3月末に統一地方選の行われたトルコでは、イスタンブール市長選で与党・公正発展党の候補者が落選し最大野党・共和人民党の候補者が当選した。
イスタンブール市はアジアを基盤に持つもののヨーロッパにもまたがるトルコ共和国のヨーロッパ側の領土にある都市で、オスマン帝国の首都であるなどトルコの歴史上著名な都市である他、現在もヨーロッパ有数の国際都市とされ、エルドアン大統領自身がかつて市長を務めていた象徴的な都市でもある。
欧米リベラル派からは「独裁者」扱いされているエルドアン大統領だが、実際には立憲主義的な手続きを重んじている人物であることもあり、今回の敗戦によりかつてから公言していた任期不延長の路線が変更される可能性は殆どなくなったとみられる。
エルドアン大統領は敗北の理由を支持者の棄権や生活費の高騰に求め「まず自分の責任を追及する」と述べた。

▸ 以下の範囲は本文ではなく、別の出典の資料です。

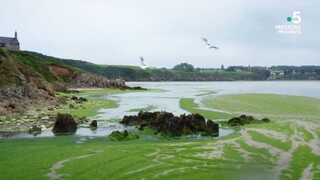 Bretagne : une terre sacrifiée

今回の統一地方選で勢いを伸ばしている共和人民党は、トルコ共和国の国是であるフランス型の厳格な宗教排除政策の維持を求める左翼政党であり、近年保守化が進んでいたトルコにおいて左翼勢力によるバックラッシュが起こっていると言える。
左傾化は日本やアメリカだけの問題ではないようだ。